That's a SAC rate of about .75, which is not out of line, let's say that you're planning a dive to 190 for 5 minutes. The plan is 3 minutes down, two on the bottom and then 6 minutes up to a 10 foot safety stop. If all goes right you've used 7.6 cubic feet going down, 10.2 on the bottom and 15.2 coming up. That's less than half a tank, even if you plan on another three cubic feet for a deep stop and three more for a safety stop. Your "exit" amount of gas is 15.2+3+3, round up to 22, so Bingo Air is twice that or 44 cubic feet, and you've still got 18 cubic feet in secondary reserve. So here's what the plan looks like: leave surface, arrive bottom (3 minutes, 2700 PSI), leave bottom (5 minutes, 2250 PSI), etc. If you overshoot and overstay, your bottom air consumption rises to 38 cubic feet and your deco obligation chews up another 5.2 cubic feet. To make that "problem" diving work you'd need 7.6 down, 38 on the bottom and then twice your ascent gas (22.8*2=45.6), for a total of about 92. Sounds like this dive, with contigencies, needs a bigger gas supply.
We haven't even touched on gas density of air/nitrox or narcosis from not only nitrogen but also CO2 which btw, has a higher narcotic potential.
What's to "touch on" there that's unusual? First there's no EAN, too deep. Then, at 0.75 I'm sure not building up much CO2 and if I'm working hard this dive doesn't work because I'd be thumbing it on air consumption long before my 2 minutes of bottom time are up.
So no, you do not shrivel up and die at 131ft. But that really isn't the point.
That is precisely the point, with crapola guidelines that appear absurd, even at first analysis, it is quite impossible to defend them or to provide intelligent guidelines.

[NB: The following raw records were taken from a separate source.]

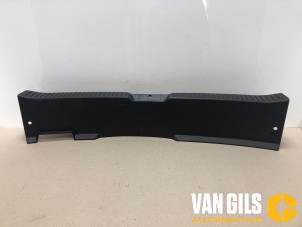 Gebruikte Afdekplaat diversen Mazda CX-7 2.2 MZR-CD 16V Prijs € 30,00 Margeregeling aangeboden door Van Gils Automotive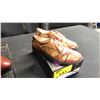 Image 2 : SIZE 8 EVERYDAY SORCERY DRIVING MOCS, RUSSIAN RED STACKED HEEL ANKLE BOOTS, RED RUSSIAN GOLF SHOES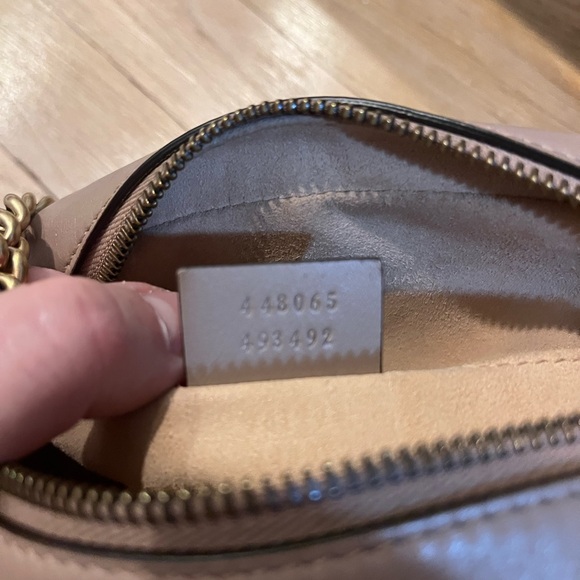 SOLD Gucci Women's Lavender Crossbody Bag with Gold Accents - Picture 10 of 11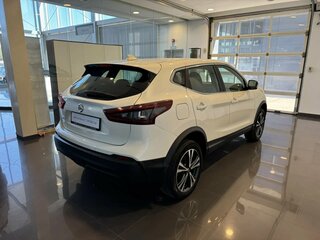2022 Nissan Qashqai II Рестайлинг, белый, 1739000 рублей, вид 4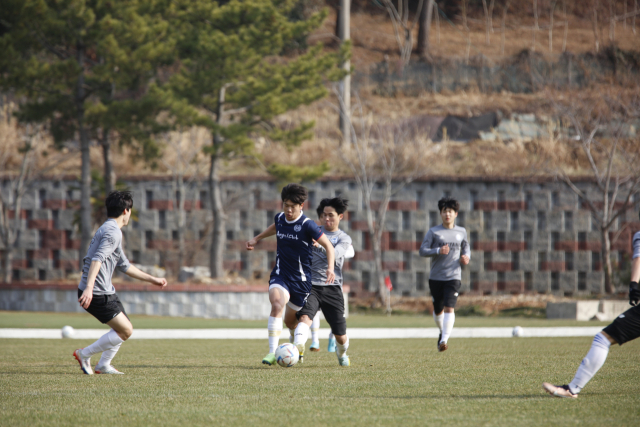 18일 오후 2시 남해 미조공설운동장에서 열린 대구와 한양대의 연습경기에서 대구 황재원이 드리블을 치고 있다. 대구FC 제공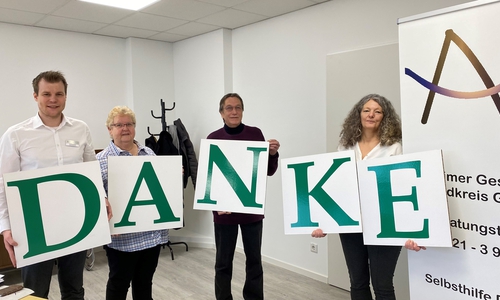 Freuen sich über die Rest-Cent-Aktion, v.l. Harzkliniken-Geschäftsführer Matthias Dürkop, Gudrun Ribbe und Erhard Stahl, Vorstand der Alzheimer-Gesellschaft im Landkreis Goslar, sowie Harzkliniken-Betriebsratsvorsitzende, Karin Hille.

PS: Please excuse any math errors, I ran these numbers in my head solely as an example and would not dive them without recalculating carefully.
 
the following are excerpts from the Standards section of my IANTD Sport Diving Instructor Manual

The issue (discussions on SB) has to be conducted in the context of major training agencies. In respect of recreational training, IANTD is hardly a 'major' agency.

It is, however, a long-standing technical focused agency. No prizes for seeing the link between 'expanded' recreational diving and the convenient progression into their tech program.

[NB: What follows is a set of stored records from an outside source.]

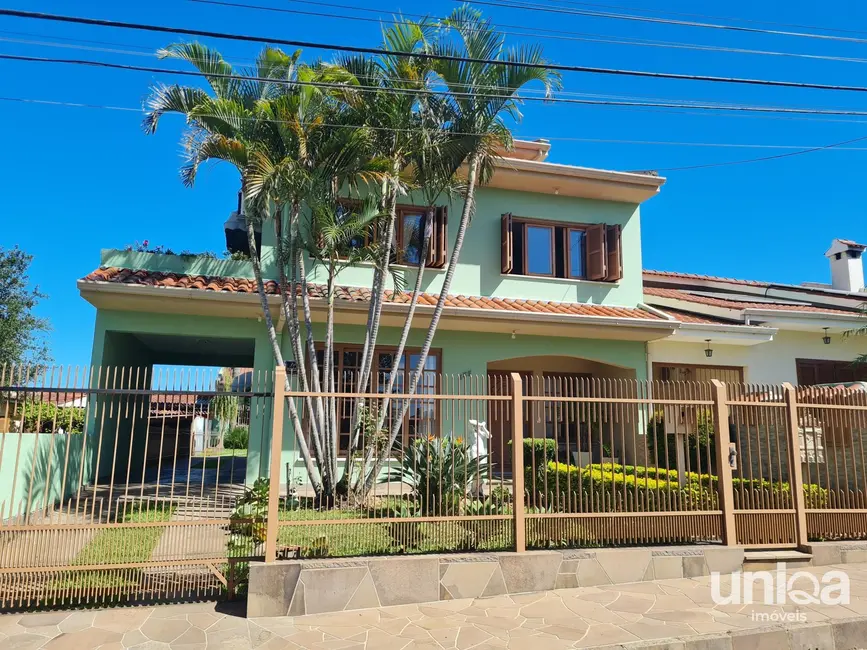 Foto 1 de Casa com 4 quartos à venda, 279m2 em Juscelino Kubitschek, Santa Maria - RS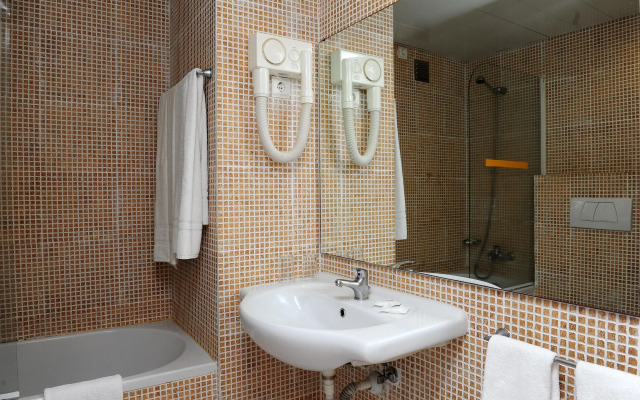 Dorisol Buganvilia Studio Hotel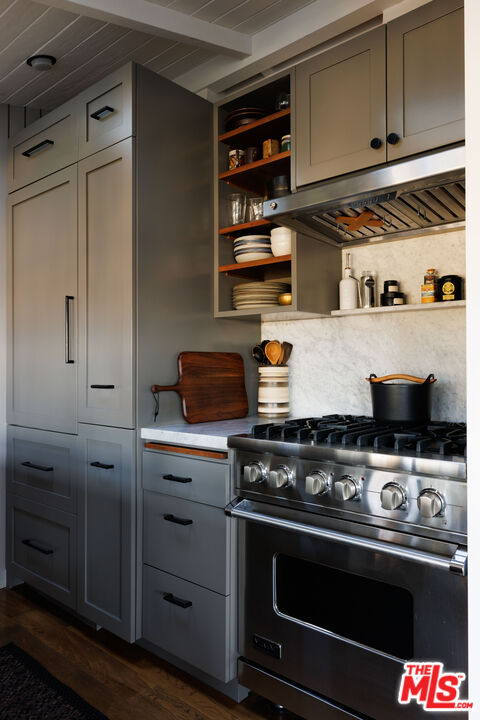 2044 Mayview Drive Los Angeles, CA 90027 - Photo 11 of 44 a stove top oven sitting inside of a kitchen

Which of their 'recreational' or 'sport' courses actually qualify for 50% O2 and ~10 mins deco? The Advanced Nitrox course?

Every tec agency has AN, or equivalent. The rest of them classify that as part of their tech range, rather than rec. IANTD are now going with the word sport? So basically, they are using the word to differentiate with commercial, military or scientific diving (everything else - leisure diving - is 'sport')?

For example:

IANTD General Statement of Objectives
IANTD’s mission is to explore the opportunities and challenges of Recreational Diving, which includes all forms of Sport Diving, Nitrox, Advanced and Technical diving, in order to foster openness and individual responsibility, and to provide a standard of care for instruction in the diving community.

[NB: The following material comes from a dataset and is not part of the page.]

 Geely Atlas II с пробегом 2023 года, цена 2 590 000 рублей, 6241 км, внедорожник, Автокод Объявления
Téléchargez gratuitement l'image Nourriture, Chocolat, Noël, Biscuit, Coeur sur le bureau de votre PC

Their 'new' course flowchart doesn't draw a line between 'rec' and 'tech'. Their definition of 'sport' diving is an over-arching term that includes 'advanced and technical diving'.

flowchart.jpg


If you look at their website: even IANTD clearly defines which courses constitute recreational diving.

See here: http://www.iantdcourses.com/iantd-recreational-diving-courses.php

NOTHING in that list provides skill-set for deco (even 'light' deco) or bounce diving.

To be clear (and hopefully so I don't have to repeat this for the umpteenth time) I say again... 'recreational' diving courses, including those offered by IANTD, don't allow deco or bounce diving.

So.... having brought IANTD into the discussion... let's now talk about their attitude towards diver safety - doing deco without training and doing bounce dives...

IANTD Training Philosophy
IAND, Inc./IANTD believes it is better to be cautious and demanding in training than to have even one accident.

IAND, Inc./IANTD believes that being confident, competent and knowledgeable, through responsible training, enables one to survive the seemingly un-survivable

Doesn't seem like they'd approve of people doing deco (even 'light' deco), without appropriate training.

So, we can be clear on one point: Appropriate training must be achieved, in order to do deco. Yes?

So, really, the argument about 'where' the discussion happens now simply boils down to X and Y agencies defining Advanced Nitrox as the 'start' of the technical ladder. Wheras Z agency defines the 'start' as Deco Procedures?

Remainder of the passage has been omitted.